Host-guest interaction tailored cucurbit[6]uril-based supramolecular organic frameworks (SOFs) for drug delivery
Chun Liu , Yu Xia , Zhu Tao , Xin-Long Ni
Recent studies have revealed that cucurbit[n]urils (Q[n]s or CB[n]s) [1-7] as macrocyclic organic building blocks exhibit excellent advantages in the construction of various supramolecular organic frameworks (SOFs) [8-13]. For example, Li et al. demonstrated the direct preparation of single-layer periodic honeycomb-shaped two-dimensional (2D) SOFs and periodic adamantine-shaped three-dimensional (3D) SOFs [14] with catalysis effect in water through the host-stabilized charge-transfer interactions of various pyridinium derivatives with Q[8]s. Cao et al. reported the fabrication of cellular-imaging fluorescent 3D SOFs from 2D networks via Q[8]-based host–guest interactions in an acidic aqueous solution [15]. In this approach, the Q[8] host molecules act as molecular handcuffs to simultaneously include two guest molecules in each host cavity, thus, forming the SOFs in solution
We reported that Q[n]s can be used as rigid cage blocks to produce a variety of Q[n]-based solid SOFs (QSOFs) [16-18], including self-induced, anion-induced, and aromatic-compound-induced QSOFs with unique adsorption properties, through outer-surface interactions [19-21]. Generally, the driving forces for the assembly of QSOFs are mainly weak noncovalent interactions such as C-H···π and ion−dipole interactions from the positive electrostatic potential of the outer surface of Q[n]s; importantly, these QSOFs can be quickly crystallized from the solution. Stoddart [22] and our group [23, 24] independently used this approach to develop a facile strategy for high-efficiency gold recovery in acidic aqueous solutions. However, there are few reports on the host–guest-complex-derived solid QSOFs, which are formed by exploiting the outer-surface interactions of Q[n]s. In 2017, we successfully obtained the first example of solid 3D polycatenanes formed via Q[6] host–guest interactions [25], which was stabilized by the outer-surface interactions between Q[6] and [CdCl4]2– anions and could be rapidly precipitated from the solution mixture with a high yield. From a structure viewpoint, the simple and low cost of the outer-surface interactions triggered solid SOFs from the host-guest interaction of Q[n] cavity with various functional guest molecules could be one of ideal complementary approach for construction of modification of MOFs [26, 27] and COFs [28], because the modification can enhance many of new properties and functions of the parent species.
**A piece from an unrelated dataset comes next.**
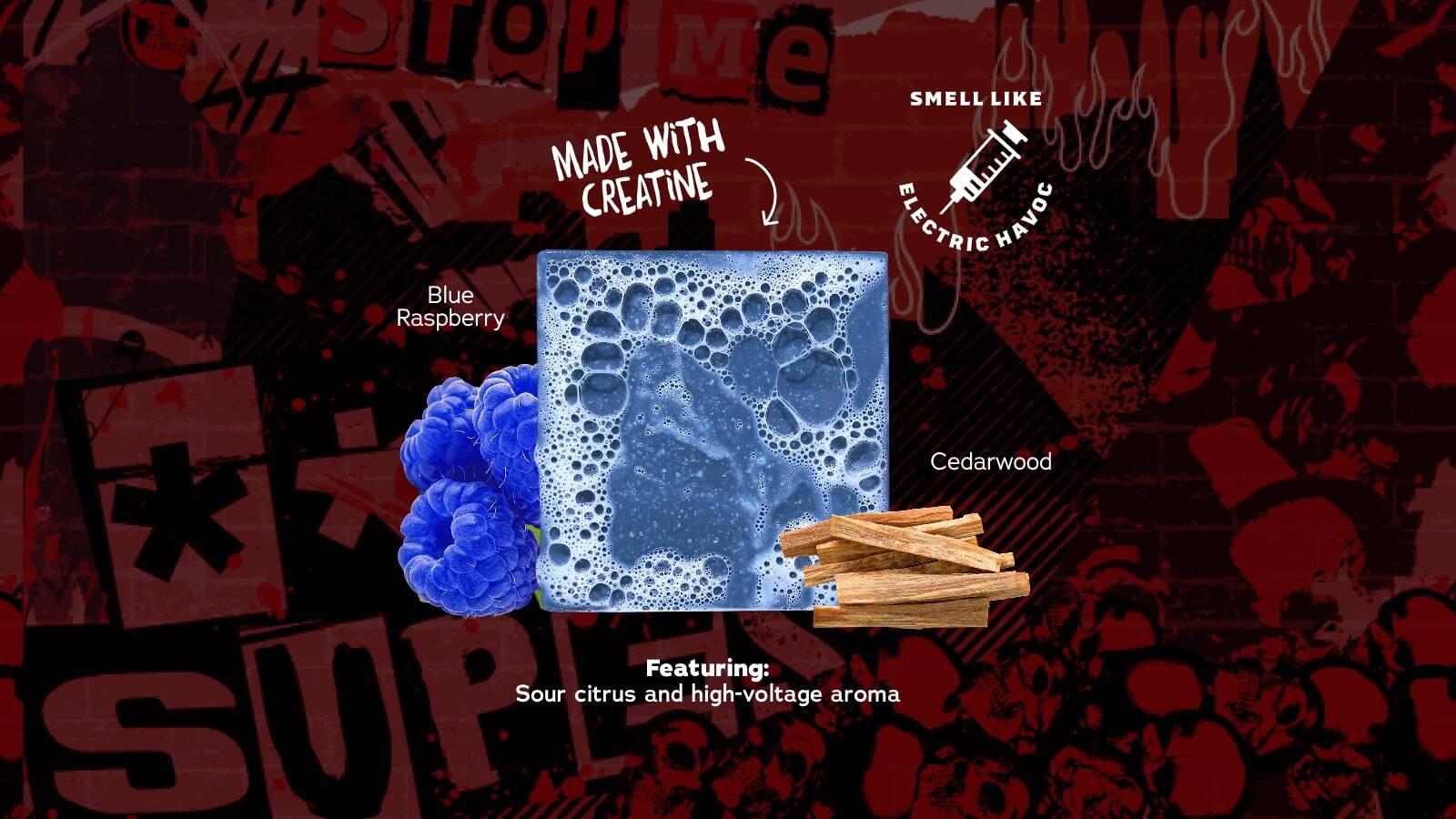 Compound V 3-Pack - Image 2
In this study, as a proof of concept, a series of Q[6]-based solid SOFs with empty cavities (Q[6]-SOF-1 and Q[6]-SOF-1b) and guest encapsulation in the Q[6] molecules (Q[6]-SOF-2 and Q[6]-SOF-3) were successfully prepared with a high yield in the presence of [ZnCl4]2– anions as the structure inducer. After evaluation in a wide range of experimental conditions, the host–guest interaction of Q[6] with 2-(cyclohexylamino)ethanol (N-ECyA)-derived Q[6]-SOF-2 was explored for drug-loading applications (e.g., for loading ibuprofen (IBU)); Q[6]-SOF-2 exhibited smart temperature- and pH-sensitive IBU release, due to the reversible weak noncovalent interactions of QSOF-2 assemblies. This result shows that the assembly of host–guest complexes triggered by the outer-surface interactions of Q[n]s and the dynamic non-covalent interactions provide new construction and application models of SOFs. Furthermore, the results of this study reveal that the electrostatic potential of the Q[6] host can be tailored via guest inclusion, which provides a new avenue for developments in macrocycle-based porous materials.
Typically, ion–dipole interactions between the positive-electropotential outer surface of Q[n] host molecule and [CdCl4]2− anion is the mainly driving force for the construction of solid Q[n]-SOFs from a hydrochloric acid solution. However, the toxicity of Cd2+ ions greatly limits their applications. The [ZnCl4]2− anion is a good alternative to the [CdCl4]2− anion, however, when [ZnCl4]2− ions are used, the rapid production of a large amount of crystallized QSOFs from solution (as in the case of [CdCl4]2− anions) is difficult [24]. After many attempts, we found that a high concentration of HCl (> 4.0 mol/L) is beneficial to the crystallization of [ZnCl4]2−-induced Q[6]-SOFs (Supporting information). In this study, Q[6] was dissolved in a 6.0 mol/L HCl solution in the presence and absence of 1.0 equiv. of guest N-(3-aminopropyl)cyclohexylamine (N-ACyA) and N-(2-hydroxyethyl)cyclohexylamine (N-ECyA), and then, 6.0 equiv. of ZnCl2 (in a 6.0 mol/L HCl solution) was added to the solution. A large number of microcrystals were precipitated within a short time (2 h) with a yield of 50% to 75%. The empty Q[6]-based, Q[6]-N-ECyA complex based, and Q[6]-N-ACyA complex based microcrystals were denoted Q[6]-SOF-1, Q[6]-SOF-2, and Q[6]-SOF-3, respectively. X-ray quality crystals were obtained from the filtrate solution within 2–3 days. The X-ray diffraction analysis revealed that all the Q[6]-SOFs have the same triclinic crystal system with the same P-1 space group and similar cell parameters with slightly different unit cell parameters (Table S1 in Supporting information). In addition, the powder X-ray diffraction (PXRD) pattern of each Q[6]-SOF matches the corresponding single-crystal-based simulated pattern, indicating the formation of pure-phase crystalline products (Figs. 1e-g).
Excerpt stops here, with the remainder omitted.